● Work order
Starting with the opening line of the material, restate every line word for word, and end on the line containing "秋田県にかほ市大竹前谷地212周辺の地図".

● Record extracts
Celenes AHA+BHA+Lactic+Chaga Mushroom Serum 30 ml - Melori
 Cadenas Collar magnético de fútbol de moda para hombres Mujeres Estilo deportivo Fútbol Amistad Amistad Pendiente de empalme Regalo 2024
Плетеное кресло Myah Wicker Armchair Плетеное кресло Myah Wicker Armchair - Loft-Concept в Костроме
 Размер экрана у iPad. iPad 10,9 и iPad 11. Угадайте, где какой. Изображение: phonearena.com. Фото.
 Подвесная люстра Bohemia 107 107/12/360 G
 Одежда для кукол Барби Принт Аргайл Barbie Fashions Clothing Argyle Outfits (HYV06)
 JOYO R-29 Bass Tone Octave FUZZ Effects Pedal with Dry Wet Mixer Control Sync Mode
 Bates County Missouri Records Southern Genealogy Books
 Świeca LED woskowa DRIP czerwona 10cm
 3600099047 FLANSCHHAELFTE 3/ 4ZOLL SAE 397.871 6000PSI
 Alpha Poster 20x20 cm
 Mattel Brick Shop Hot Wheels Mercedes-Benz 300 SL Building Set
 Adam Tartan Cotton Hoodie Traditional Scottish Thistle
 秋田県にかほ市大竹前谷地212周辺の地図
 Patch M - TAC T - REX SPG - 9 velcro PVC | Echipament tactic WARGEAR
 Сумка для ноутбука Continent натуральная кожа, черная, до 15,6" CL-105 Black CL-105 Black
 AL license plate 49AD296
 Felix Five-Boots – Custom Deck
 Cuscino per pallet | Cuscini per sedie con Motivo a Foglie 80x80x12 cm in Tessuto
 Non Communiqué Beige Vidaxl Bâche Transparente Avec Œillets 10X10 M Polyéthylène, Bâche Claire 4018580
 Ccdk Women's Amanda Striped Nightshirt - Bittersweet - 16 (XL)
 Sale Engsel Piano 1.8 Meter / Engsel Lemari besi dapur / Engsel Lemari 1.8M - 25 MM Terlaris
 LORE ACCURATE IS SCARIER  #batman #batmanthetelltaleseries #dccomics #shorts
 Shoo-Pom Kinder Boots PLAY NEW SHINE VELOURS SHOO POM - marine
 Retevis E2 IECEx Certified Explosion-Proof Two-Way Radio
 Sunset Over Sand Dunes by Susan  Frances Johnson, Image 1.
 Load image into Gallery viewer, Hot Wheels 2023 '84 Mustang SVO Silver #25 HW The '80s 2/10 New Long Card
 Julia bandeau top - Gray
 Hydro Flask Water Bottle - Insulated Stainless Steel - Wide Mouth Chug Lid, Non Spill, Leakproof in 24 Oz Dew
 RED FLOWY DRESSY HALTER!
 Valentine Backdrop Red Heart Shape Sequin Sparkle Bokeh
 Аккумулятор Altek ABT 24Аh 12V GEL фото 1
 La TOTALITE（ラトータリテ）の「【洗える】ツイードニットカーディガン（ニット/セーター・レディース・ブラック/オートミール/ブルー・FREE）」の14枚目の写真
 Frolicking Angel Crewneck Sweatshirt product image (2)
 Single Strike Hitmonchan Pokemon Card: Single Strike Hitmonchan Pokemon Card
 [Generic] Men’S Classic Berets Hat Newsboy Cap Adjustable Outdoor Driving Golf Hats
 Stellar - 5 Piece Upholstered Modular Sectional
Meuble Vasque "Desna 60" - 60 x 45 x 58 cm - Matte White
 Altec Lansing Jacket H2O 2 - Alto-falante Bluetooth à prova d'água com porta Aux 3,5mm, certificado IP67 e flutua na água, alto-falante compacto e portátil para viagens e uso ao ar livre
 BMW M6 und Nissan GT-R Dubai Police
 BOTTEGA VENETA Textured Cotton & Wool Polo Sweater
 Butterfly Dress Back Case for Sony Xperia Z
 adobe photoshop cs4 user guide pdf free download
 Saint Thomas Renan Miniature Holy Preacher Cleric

● Exercise solution
Celenes AHA+BHA+Lactic+Chaga Mushroom Serum 30 ml - Melori
 Cadenas Collar magnético de fútbol de moda para hombres Mujeres Estilo deportivo Fútbol Amistad Amistad Pendiente de empalme Regalo 2024
Плетеное кресло Myah Wicker Armchair Плетеное кресло Myah Wicker Armchair - Loft-Concept в Костроме
 Размер экрана у iPad. iPad 10,9 и iPad 11. Угадайте, где какой. Изображение: phonearena.com. Фото.
 Подвесная люстра Bohemia 107 107/12/360 G
 Одежда для кукол Барби Принт Аргайл Barbie Fashions Clothing Argyle Outfits (HYV06)
 JOYO R-29 Bass Tone Octave FUZZ Effects Pedal with Dry Wet Mixer Control Sync Mode
 Bates County Missouri Records Southern Genealogy Books
 Świeca LED woskowa DRIP czerwona 10cm
 3600099047 FLANSCHHAELFTE 3/ 4ZOLL SAE 397.871 6000PSI
 Alpha Poster 20x20 cm
 Mattel Brick Shop Hot Wheels Mercedes-Benz 300 SL Building Set
 Adam Tartan Cotton Hoodie Traditional Scottish Thistle
 秋田県にかほ市大竹前谷地212周辺の地図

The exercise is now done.